Here at Heron, we think a lot about what makes for a quality job–qualifications like good pay, benefits, reliable hours, durability, and opportunity for advancement. One factor that has come to light is that a good job is often about a good employer. A good employer can make difficult work bearable, and a bad employer can make your dream job unbearable.
We also think a lot about the challenges of running nonprofit enterprises, which often require balancing great resourcefulness on razor-thin financial margins.
So we enjoyed this TED talk from Duke behavioral economist Dan Ariely on what motivates great work (and how that relates to pay scale). Interesting experiments showed that it’s not only possible but fairly easy to bring meaning to virtually pointless tasks, destroy the natural joy a person might take in their work, increase the perceived value of a work product through effort and ownership, and more. A real-life example showed how much it mattered:
I went to talk to […] a group within this software company that was put in a different building. And they asked them to innovate and create the next big product for this company. And the week before I showed up, the CEO of this big software company went to that group, 200 engineers, and canceled the project. And I stood there in front of 200 of the most depressed people I’ve ever talked to. And I described to them some of these Lego experiments, and they said they felt like they had just been through that experiment.

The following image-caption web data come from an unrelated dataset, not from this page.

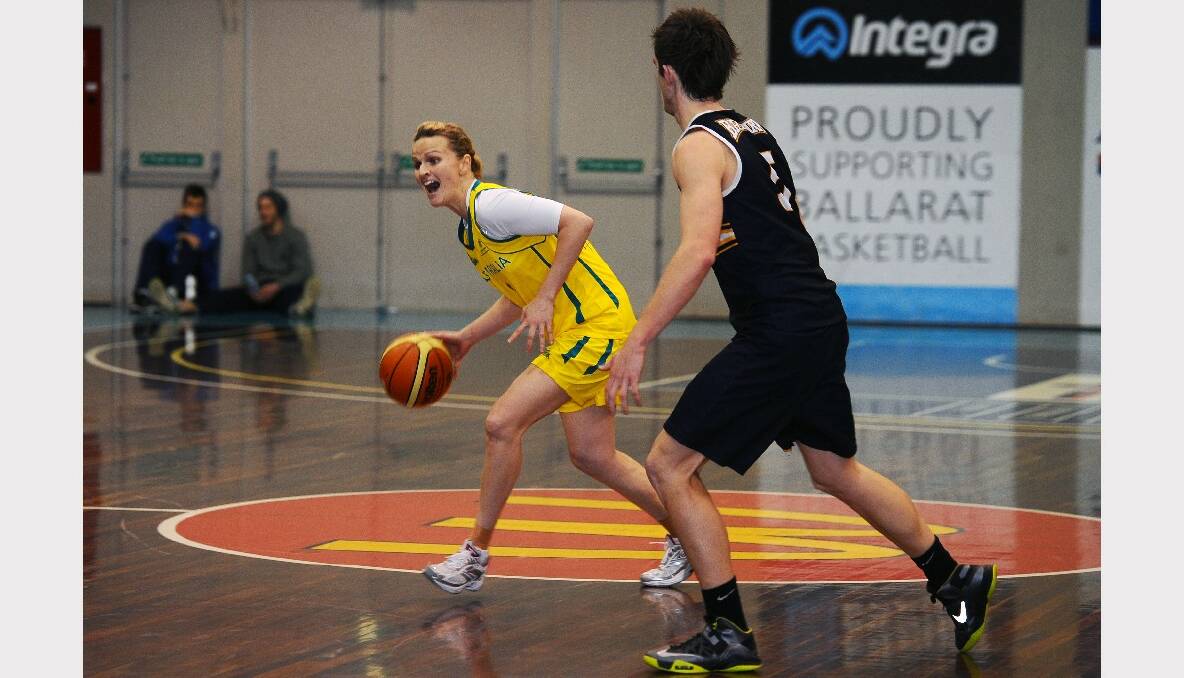Australian Opals practice game against the Miners Big V youth championships team. Opals- Jenni Screen and Miners Youth- Brady Neill. PICTURE: KATE HEALY.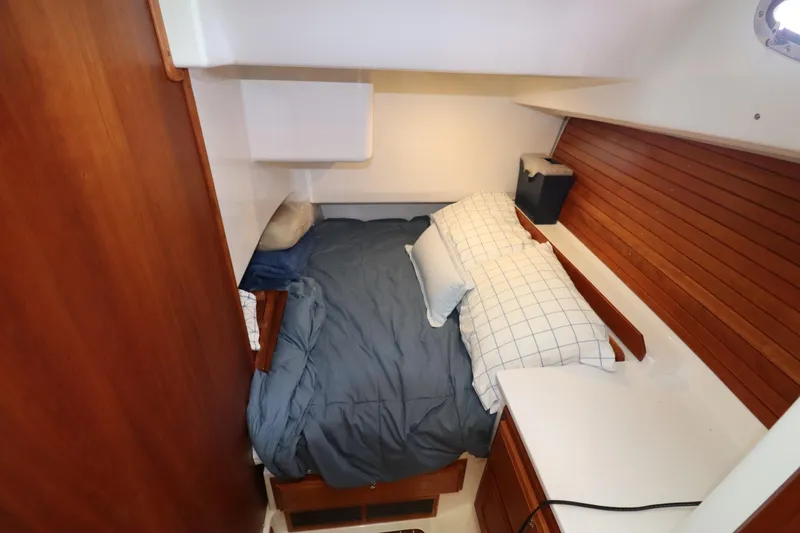 Slide: The Image of Cozy cabin interior of 2019 Back Cove 41 yacht with bed and wooden accents. - 29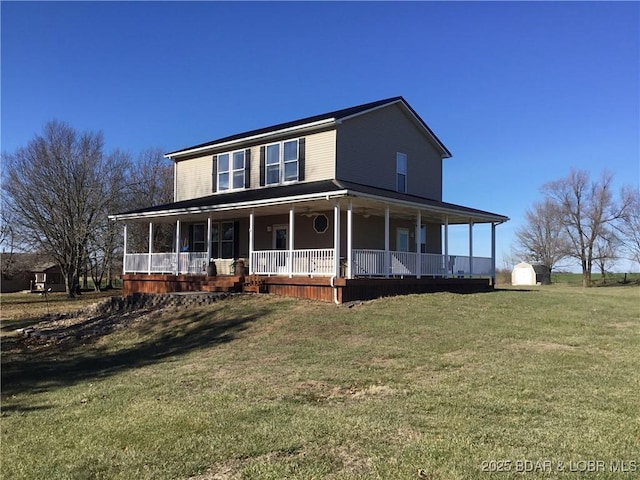 farmhouse featuring a porch and a front lawn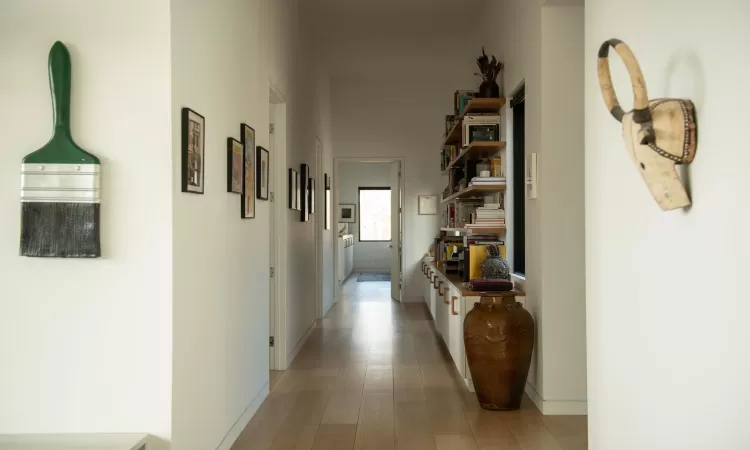 Hallway featuring light hardwood / wood-style flooring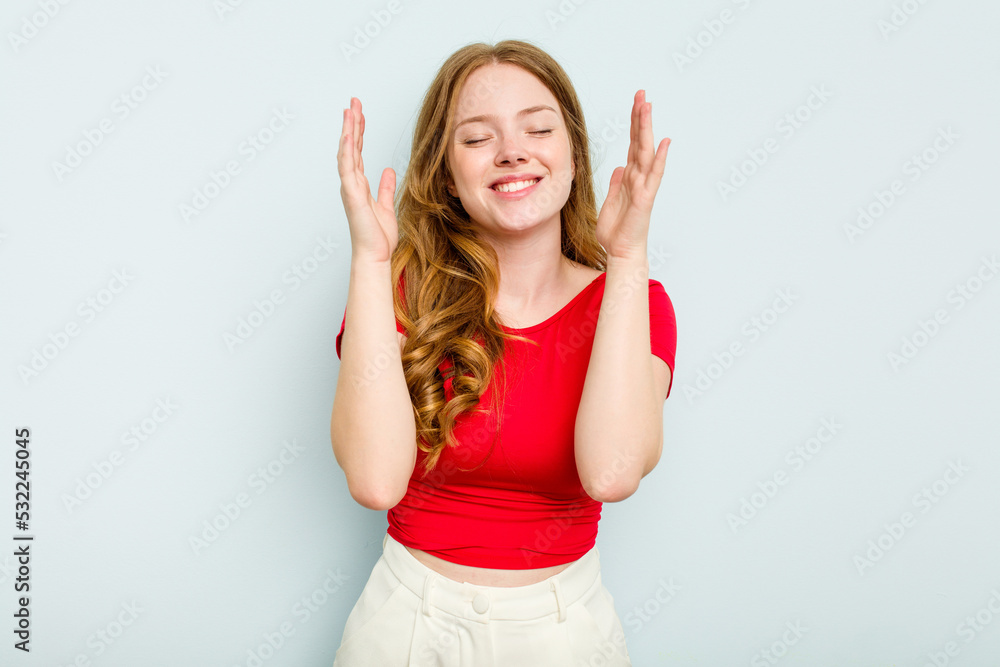 Young caucasian woman isolated on blue background joyful laughing a lot. Happiness concept. Young caucasian woman isolated on blue background joyful laughing a lot. Happiness concept.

And I asked them, I said, “How many of you now show up to work later than you used to?” And everybody raised their hand. I said, “How many of you now go home earlier than you used to?” And everybody raised their hand. I asked them, “How many of you now add not-so-kosher things to your expense reports?” And they didn’t really raise their hands, but they took me out to dinner and showed me what they could do with expense reports.
And then I asked them, I said, “What could the CEO have done to make you not as depressed?” And they came up with all kinds of ideas. They said the CEO could have asked them to present to the whole company about their journey over the last two years and what they decided to do. He could have asked them to think about which aspect of their technology could fit with other parts of the organization. He could have asked them to build some prototypes, some next-generation prototypes, and seen how they would work. But the thing is that any one of those would require some effort and motivation. And I think the CEO basically did not understand the importance of meaning.
We encourage you to watch the entire video for funny and provocative considerations on ugly origami, building with Legos under Sisyphean conditions, the market value of your own children compared to someone else’s, and Adam Smith versus Karl Marx in the knowledge economy.